Stuttgart-based Johannes Breuer and Fritz Gräber, based in Zürich, met during their Master in Product Design at ECAL in Lausanne, quickly became friends, and started working together already then.
— As a matter of fact, the small bench that later turned into the Weekday Collection for HAY was our very first project together and was developed at the expense of certain other, official school projects which at the time even got us in trouble at one point, the duo remembers.
Years have passed and projects with them. Breuer and Gräber discusses both specific design-questions and overall strategies over phone every day, when not meeting in one of their studios to build functional 1:1 models and prototypes.
— This is a crucial aspect of our work since we both love to work hands on to transform ideas into physical, three-dimensional, tangible things. Connected to this passion for building and making is a certain fascination for industrial means of production and the way that things are made. Quite often a certain technical process or certain properties of materials are the first sparks for our ideas. Additionally, we share a love for photography which is very useful when it comes to the stage of presenting and communicating our concepts & ideas. The standard procedure for designing something together always consists a first phase of talking, conceptualizing over the phone, sketching individually, mostly followed by a longer phase of certain stagnation, frustration but also digestion which eventually results in a common concept of which we are both convinced. Right after, the speed increases drastically and we are quite quick to make detailed sketches in 3D, start to physically build it in 1:1, partly individual in our workshops, partly together to then ultimately also take pictures of it together.
You’re about to launch a new furniture series for New Works and just released additional products for HAY. Tell us more!
— Initially, as mentioned, it was just a small bench, Breuer and Gräber explain.

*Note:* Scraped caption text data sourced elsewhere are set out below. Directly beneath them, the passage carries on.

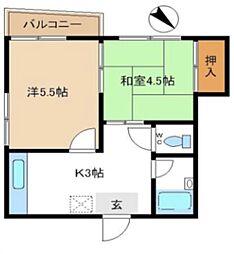 シャトレーヌ伏見 2Kの間取図画像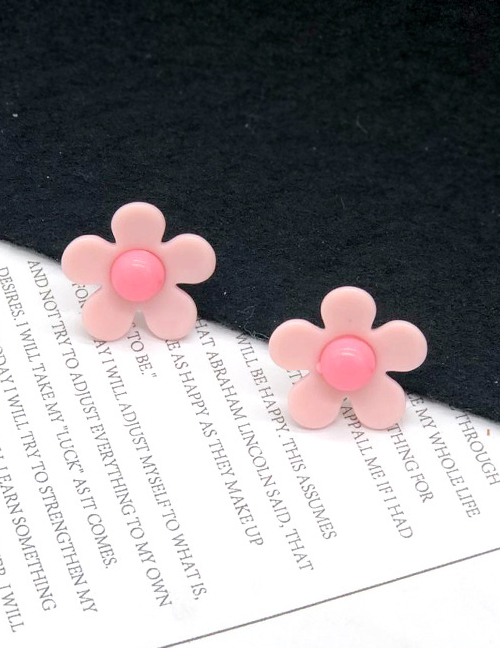 Fashion Large Pink  Silver Needle Flower Earrings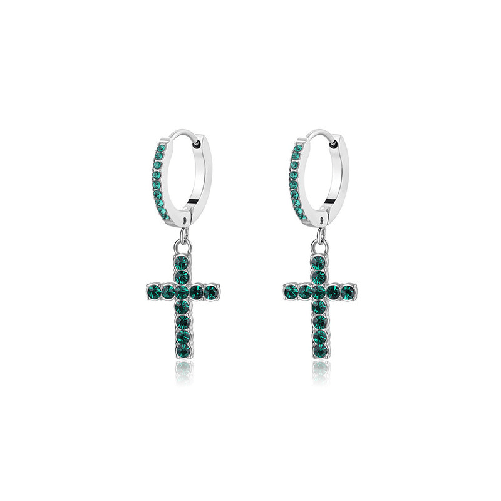SAGAPO ORECCHINI DAZZLY ACCIAIO CROCE VERDE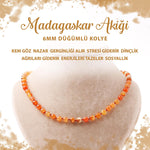 SERTİFİKALI Madagaskar Akiği 6 mm Düğümlü Doğal Taş Kolye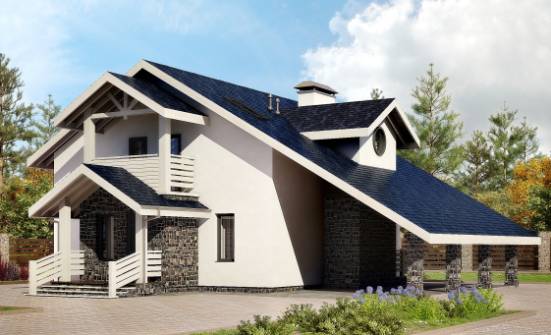 155-010-П Проект двухэтажного дома с мансардой и гаражом, недорогой коттедж из газосиликатных блоков Асино | Проекты домов от House Expert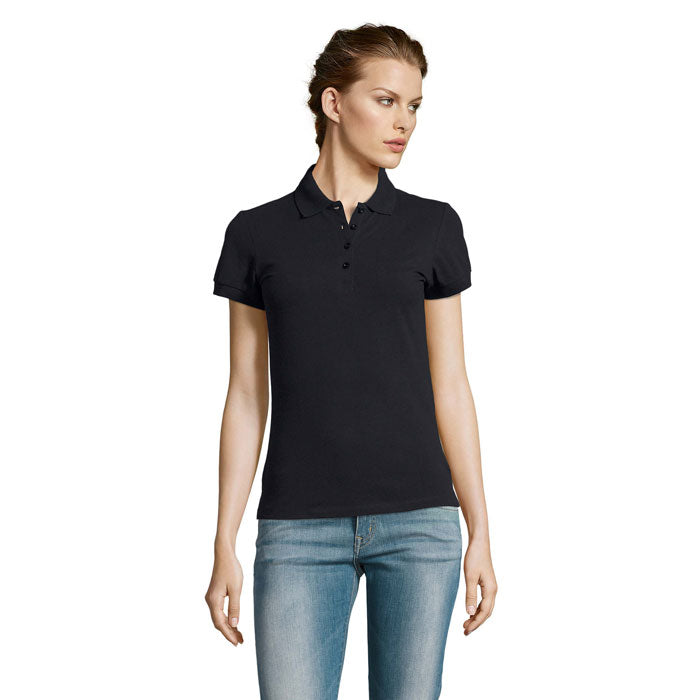 Branded Heavyweight Women's Polo Shirt in Blue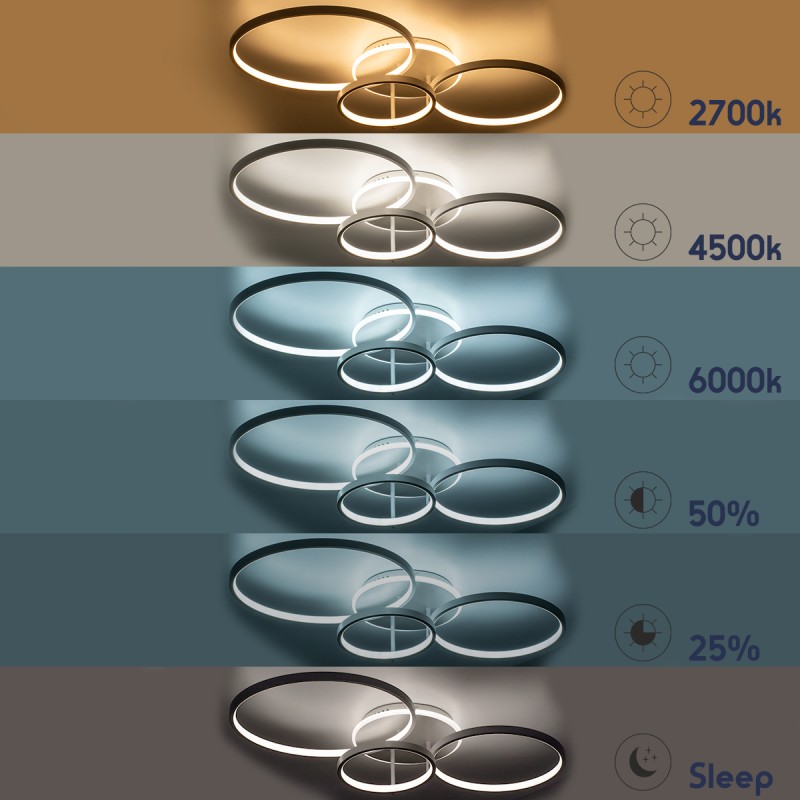 GloboStar® NEMESIS 61109 Φωτιστικό Οροφής Δαχτυλίδι-Κύκλος LED CCT 98W 11858lm 360° AC 220-240V - Εναλλαγή Φωτισμού μέσω Τηλεχειριστηρίου All In One Ψυχρό 6000k+Φυσικό 4500k+Θερμό 2700k Dimmable Φ25+35+45cm+BackLight - Λευκό - 3 Years Warranty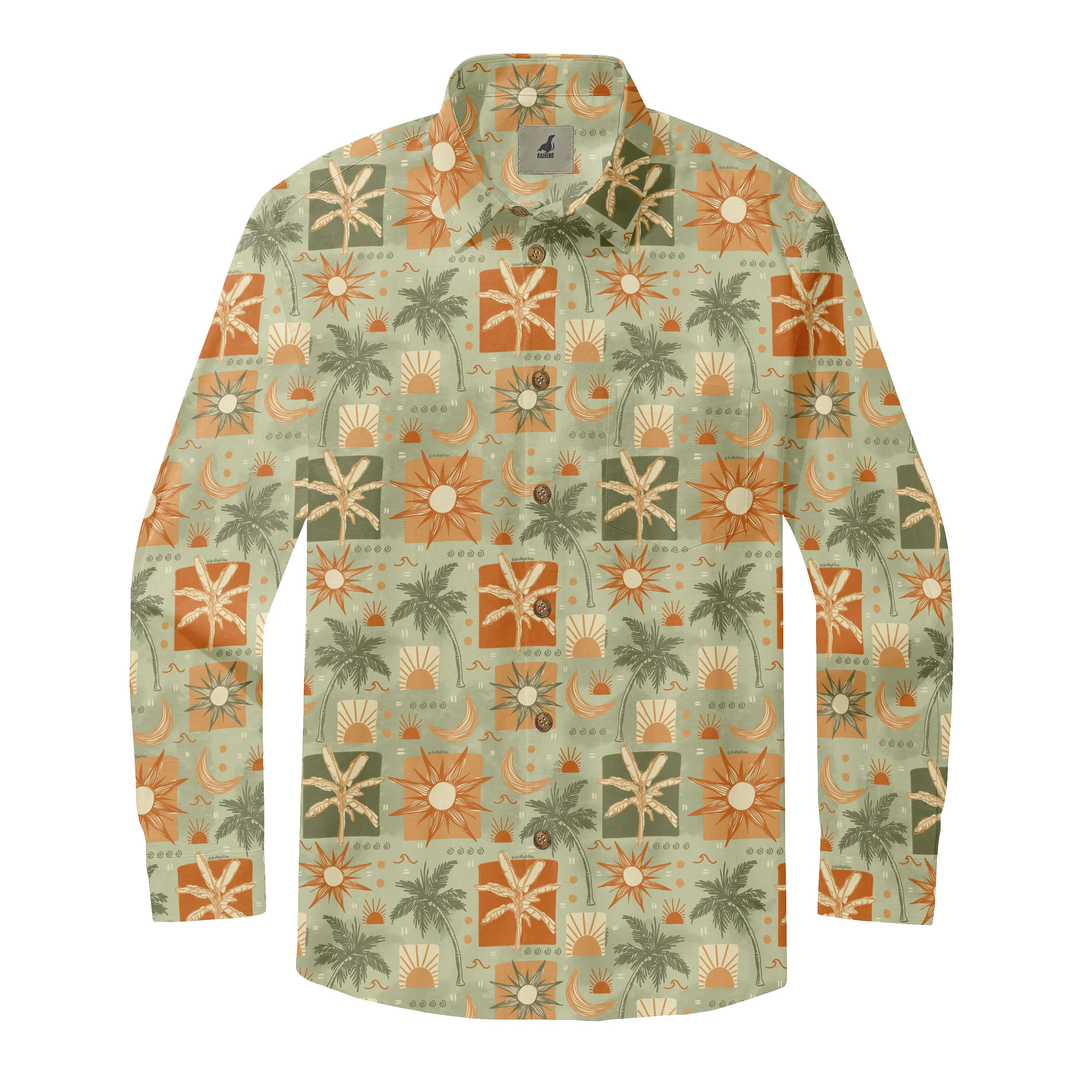 Sage Green Retro Tropical Sun and Moon Long Sleeve Hawaii...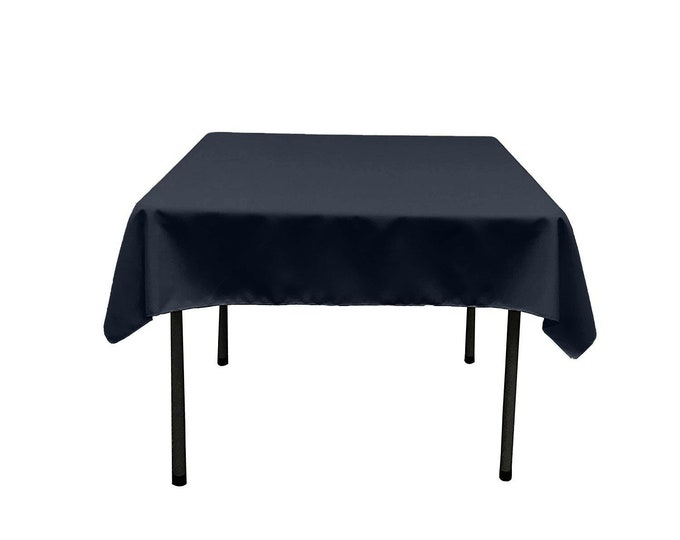 Dark Navy Blue - Square Polyester Poplin Table Overlay - Diamond. Choose Size Below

While studying together in Lausanne, we had a very close and very international group of friends with whom we regularly played football after school. After playing, we would always have dinner together at one of their friends’ respective apartments. One particular night, we planned to have dinner at two of our friends’ place which at the time only had chairs for maybe 3 people, while we were at least 7. Having already wanted to do a project together for a while then, we then saw the opportunity to just build a bench in order to have enough seats for all of us. We rushed to the workshop, found some leftover planks from solid pine and quickly sketched and screwed something together to form a rough, but practical bench with a particular construction and appeal. The bench proved to be very useful and after that first, we went on to have many more dinners on it for years.
One year later, on the occasion of the design school’s Xmas Market, they wanted to turn this utilitarian piece of makeshift furniture into something more refined and unique.
— It became Bench Two — a bench for two. A short and narrow bench that was meant to fit even the tightest spaces and provide a friendly, practical companion to every setting. Back then, we already wanted to create something that was extremely durable yet affordable. This resulted in us choosing a cheap softwood, but with a strong construction and very chunky sections. Evidently, this construction evokes distant memories of public picnic furniture in parks, which made it appeal to HAY as a piece that should be turned into a reasonably-priced collection of outdoor furniture. That is also very in line with the initial bringing-people together-spirit of the whole project.
— Now, it is a whole collection of outdoor furniture — tables and benches in many sizes made from solid pine wood and available in a wide selection of colours and natural finishing, all suitable for outdoors. Additionally, there is a range of custom outdoor-cushions with a unique way to attach it to the benches. A capsule collection together with British fashion retailer END.clothing was also recently launched and consists of 4 bespoke colourways in a limited edition.
Not being from Scandinavia, what’s your view on the current state of Scandinavian design? Is it still relevant?
— Absolutely. Maybe there tends to be a certain cliché of Scandinavian, or ’Scandi’ design nowadays which we find to be rather incomplete since there are so many different layers to it. All parts of the spectrum are covered — both in terms of price but also in terms of audience. Democratic and luxurious, young and mature are all possible attributes that we find equally fitting to describe the big realm of Scandinavian design. But additionally, we think companies such as, or perhaps first and foremost, HAY have achieved very successfully to open up Scandinavia not only towards contemporary design but also the international design scene, including us. Instead of solely relying on the success of all the classics of earlier times, risks are taken and new paths are chosen which we feel is very beneficial not just to us but also to design in general. Large portions of the design industry of our home countries Germany and Switzerland might also profit from trying to be a little bit more open in a similar fashion, the duo concludes.